• Thanks for stopping by. Logging in to a registered account will remove all generic ads. Please reach out with any questions or concerns.

VAC in the News

Who, exactly, gets appointed to keep the chair warm at this point doesn't matter. As of the cabinet shuffle, VAC became a functionally autonomous bureaucracy under Walt Natynczyk. There's little that a new, uninitiated minister can or should be doing that has any real significance. And realistically I don't expect us to see much from either of the major contenders leading into this next election. VAC's gonna be tucked back away in the closet now that the NVC rewrite has been achieved and implemented.

The pressing issue in VAC for the next government is going to be wait times, but even that's primarily bureaucratic and the minister will be more a figurehead than anything.
 
There has been a lot of push from Veterans, this year, demanding a stop to the political football status that has plagued us all along. I'm seeing people being more vocal, over the issue, to the candidates.
 
Fishbone Jones said:
There has been a lot of push from Veterans, this year, demanding a stop to the political football status that has plagued us all along. I'm seeing people being more vocal, over the issue, to the candidates.

Yup. Let's call it what it is: VAC is a minor portfolio whether we like it or not. It simply is. At best it's a distracting side show for the government that occasionally produces some embarassing stories.

Pick a suitably middling important member of the government, give them the portfolio, and tell them to expect to stay there. Then friggin' let them be so they can get familiar with the department, and can actually meaningfully work issues. MVA is actually one of the narrowest portfolios; a single governmental department that focus on a very small range of services and programs, though with a large client base. It's a portfolio that someone with adequate knowledge of how the government bureaucracy works) could get legitimately good at if left to do so. Ideally find someone with enough military experience to understand the culture they're coming into. O'Toole was a really good choice (I view his limitations as primarily having been the part in power and the economic times, not his capabilities, insight, or determination to do the job). McCrimmon could be as well.

Then once you have someone credible, someone with thick enough skin to deal with vets (because we eat our ministers alive given the chance), someone who knows the system well enough to do meaningful work within it, set them loose and let them work.
 
I think if they really want to change, they need to put someone in charge who gives a damn, and probably shuffle off a number of the senior executives (and supporting peons).  They are running it like a drive through with service time targets and 'optimized outcomes' rather than a complex department with a ton of baggage.

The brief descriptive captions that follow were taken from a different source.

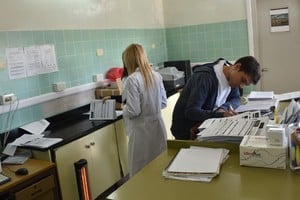 El Laboratorio Central ubicado en Santa Fe, y el Laboratorio del Hospital Centenario-CTSP, de Rosario, están en condiciones de recibir muestras para identificar el virus de la viruela símica. Crédito: Flavio Raina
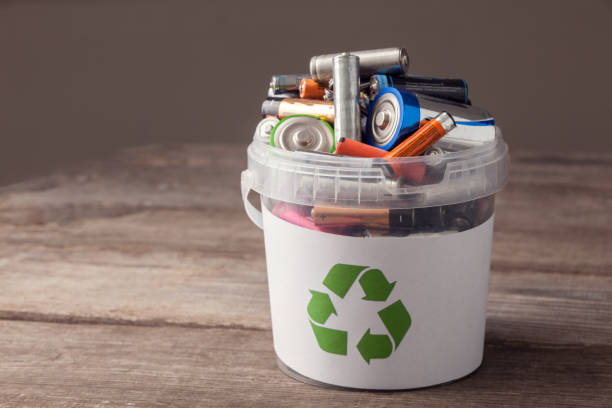 papelera de reciclaje de la batería - batería fotografías e imágenes de stock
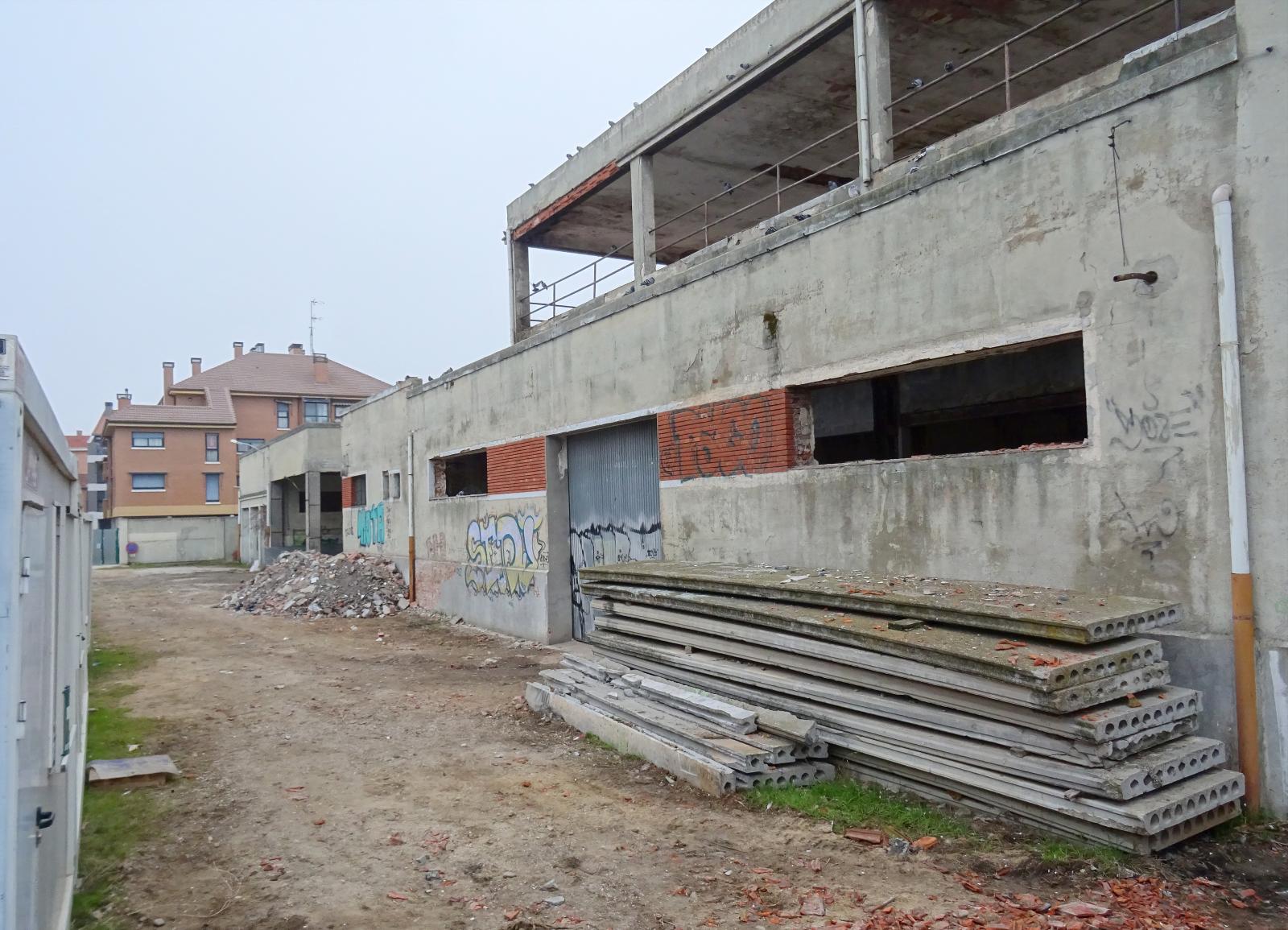 El comienzo de la reconversión del antiguo matadero, en imágenes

VAC, PWGSC and INAC almost need to be burnt to the ground and restarted.

Glad the Minister resigned rather than marking time; she seems like she might be a rare politician with integrity.
 
Harjit Sajjan has been appointed as 'Acting' Minister of Veterans Affairs. I would read that to mean in addition to his MND portfolio. So yeah, placeholder.

Further thoughts: Sajjan is a key cabinet minister in defense. They've appointed someone who can duck into VAC as necessary to put out fires based on existing subject matter knowledge, but it will not be the chair he warms day to day.
 
Brihard said:
Harjit Sajjan has been appointed as 'Acting' Minister of Veterans Affairs. I would read that to mean in addition to his MND portfolio. So yeah, placeholder.

Further thoughts: Sajjan is a key cabinet minister in defense. They've appointed someone who can duck into VAC as necessary to put out fires based on existing subject matter knowledge, but it will not be the chair he warms day to day.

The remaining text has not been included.